> Assignment
In the material below, find the line with "Nightgown Ladies L12" and the line with "Konsolentisch Braun 110". Output exactly those two lines and all lines between them, leaving out pictures.

> Data provided
_ _ _ _ _
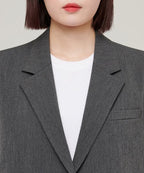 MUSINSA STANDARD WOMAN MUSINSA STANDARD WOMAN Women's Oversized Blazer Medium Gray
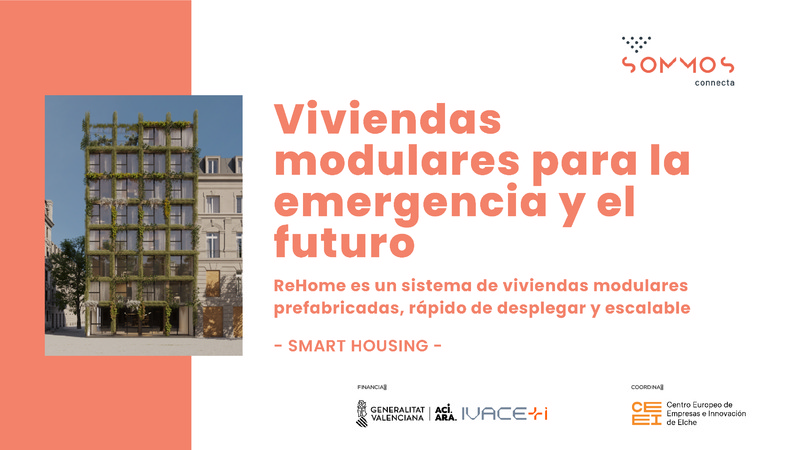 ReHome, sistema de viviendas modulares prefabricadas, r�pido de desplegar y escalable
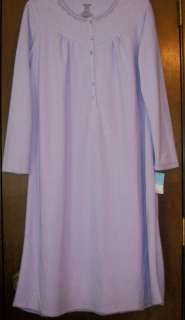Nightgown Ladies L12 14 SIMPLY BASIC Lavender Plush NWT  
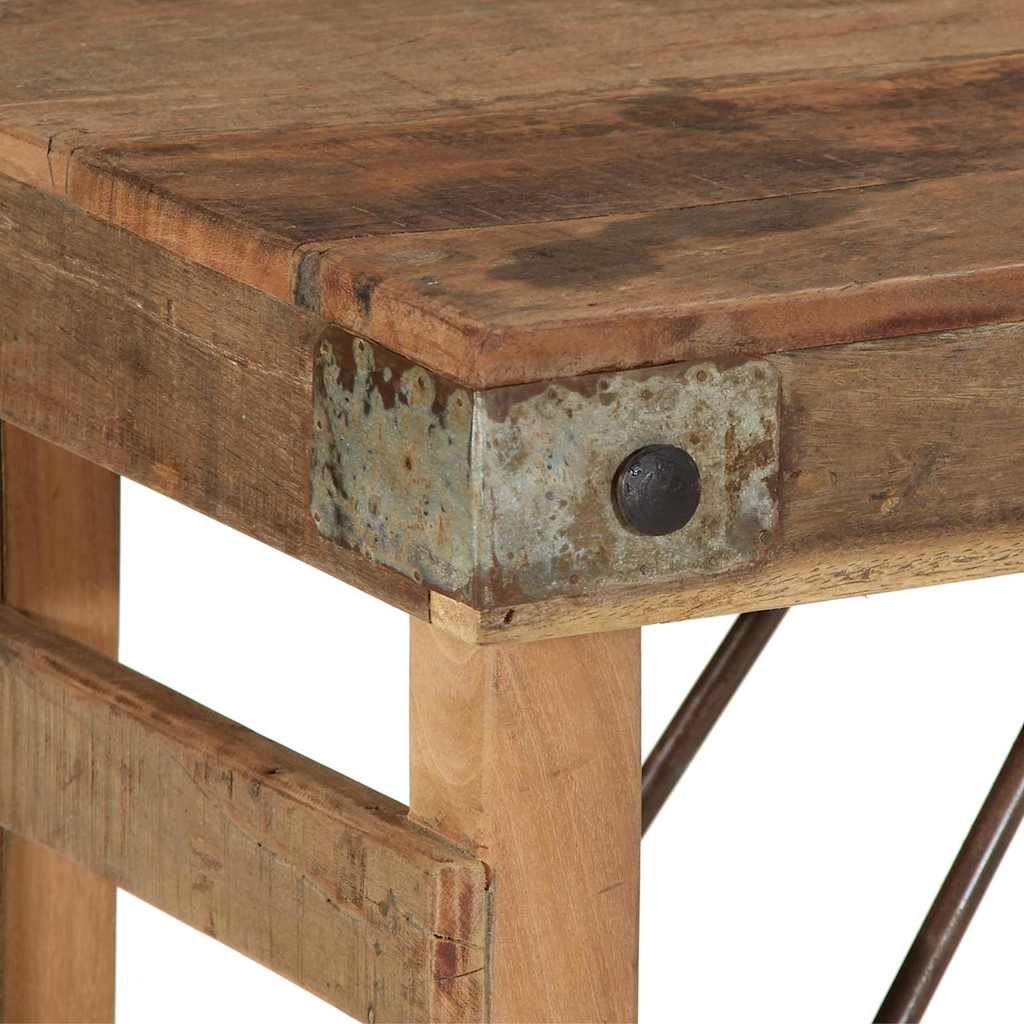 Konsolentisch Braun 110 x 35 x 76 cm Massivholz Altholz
_ _ _ _ _
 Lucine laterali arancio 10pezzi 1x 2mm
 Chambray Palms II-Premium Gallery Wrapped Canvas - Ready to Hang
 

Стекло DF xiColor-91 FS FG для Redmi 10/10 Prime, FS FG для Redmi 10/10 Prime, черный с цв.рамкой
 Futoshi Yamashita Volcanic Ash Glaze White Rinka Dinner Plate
_ _ _ _ _
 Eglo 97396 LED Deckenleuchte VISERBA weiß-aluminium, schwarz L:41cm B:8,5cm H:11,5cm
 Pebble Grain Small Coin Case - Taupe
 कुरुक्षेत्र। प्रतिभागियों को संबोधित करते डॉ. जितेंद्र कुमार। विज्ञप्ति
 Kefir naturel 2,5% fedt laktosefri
_ _ _ _ _
> Response to the exercise
Nightgown Ladies L12 14 SIMPLY BASIC Lavender Plush NWT  
 Konsolentisch Braun 110 x 35 x 76 cm Massivholz Altholz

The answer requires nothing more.